• **Data extract**
┄┄┄┄┄┄┄┄┄┄┄┄┄┄┄┄┄┄┄┄

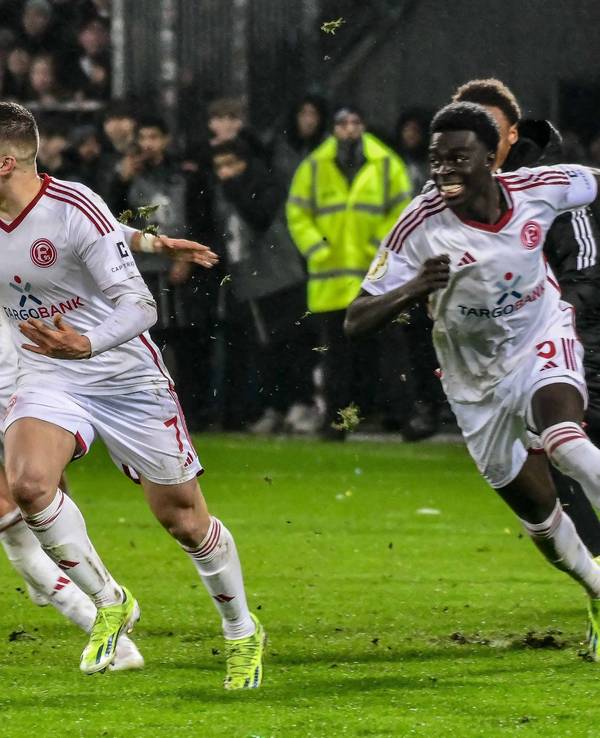 Christos Tzolis hat den Elfmeter zum Sieg eingenetzt und jubelt mit Jona Niemiec und Joshua Quarshie von Fortuna Düsseldorf.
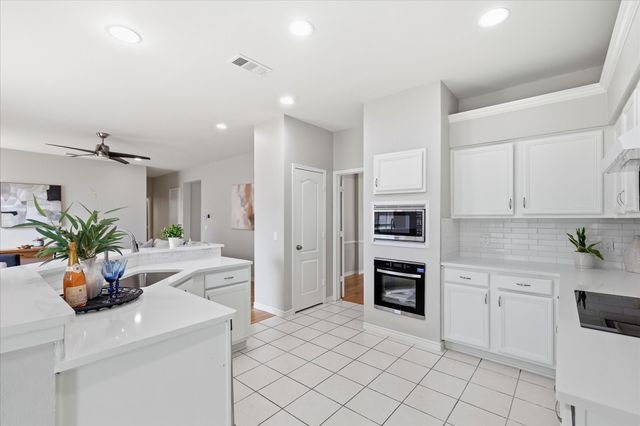 2209 Everglade Court, Carrollton, TX 75006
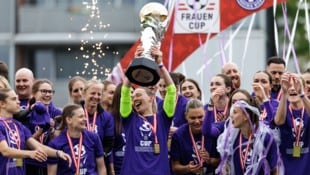 Großer Jubel bei den Spielerinnen von Austria Wien.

┄┄┄┄┄┄┄┄┄┄┄┄┄┄┄┄┄┄┄┄

• **What you should do**
Your output should consist solely of the lines from the line containing "2209 Everglade Court, Carrollton, TX 75006" through the end of the data above, copied exactly, with images removed.

• **Answer box**
 2209 Everglade Court, Carrollton, TX 75006
 Großer Jubel bei den Spielerinnen von Austria Wien.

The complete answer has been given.